No princípio dos tempos havia harmonia, paz e felicidade. Tudo parecia concorrer para o bem viver de todos. Agora, porém, as coisas já não são assim. Saímos da antiguidade para a modernidade e depois para a pós-modernidade. Daí seguimos para a pós-verdade e a pós-humanidade, o que mudou quase todo projeto original. Passamos pela floresta, pela caverna e pelo asfalto; cruzamos os oceanos, sobrevoamos as nuvens, fomos à lua e agora decaímos. Parece mesmo que estamos em queda livre.
Adveio o sociólogo e filósofo polonês Zygmunt Bauman (1925 – 2017) e afirmou que o fim da modernidade foi brusco.

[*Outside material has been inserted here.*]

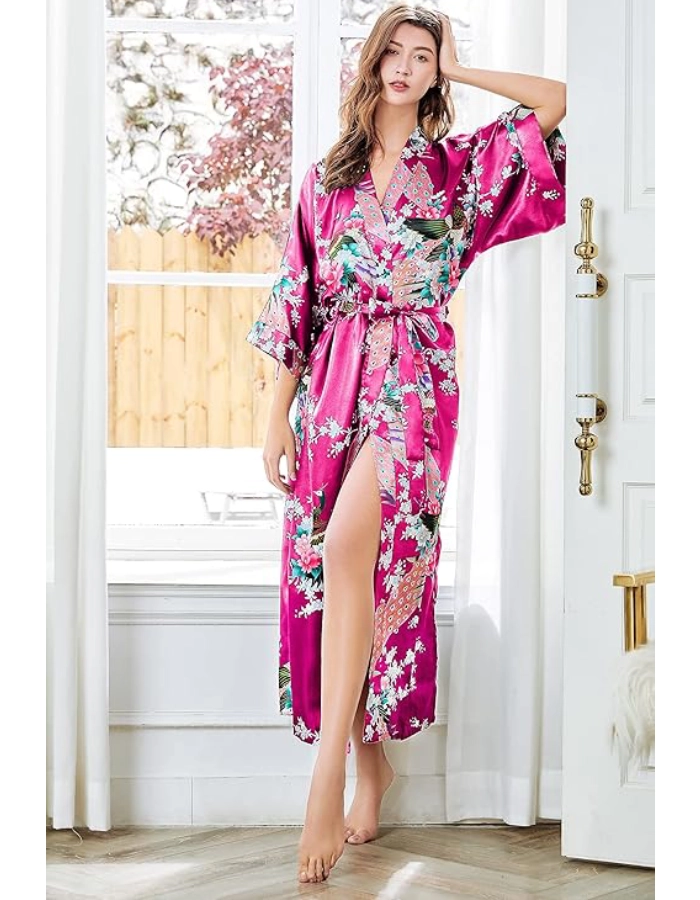 Peignoir Kimono Femme Fuschia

Disse que a pós-modernidade iniciou no exato momento em que os acontecimentos que deveriam ficar dentro de quatro paredes foram publicizados em cadeia nacional.

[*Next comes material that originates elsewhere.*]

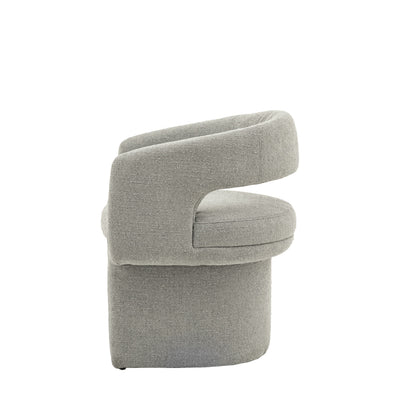 Gallery Direct Sloane Dining Chair-Grey Boucle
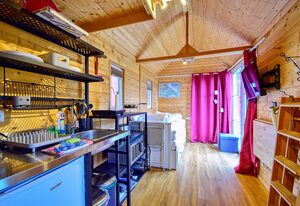 Tiny House Strandwagen mit Terrasse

O que era de foro íntimo foi se tornando sempre mais público e vulgarizado. E, em contrapartida, muitas coisas que deveriam ser coletivas e públicas foram mais e mais sendo privatizadas. Assim, emergiu o que alguns chamam de alta modernidade e, outros, simplesmente, pós-modernidade.
A entrada na fase da pós-verdade está relacionada às consequências mais desastrosas da pós-modernidade. Nesse contexto, a verdade sofreu abalos não só porque emergiram muitas incertezas e pluralidade de opiniões, mas principalmente porque a mentira passou a fazer mais sucesso. E, assim, as relações sociais e políticas foram se impregnando de fake news, meias verdades e meias mentiras. O terreno se mostrou propício para o retorno do estado de natureza (pré-social), em uma espécie de “guerra de todos contra todos”, como descreveu o filósofo Thomas Hobbes no livro Leviatã.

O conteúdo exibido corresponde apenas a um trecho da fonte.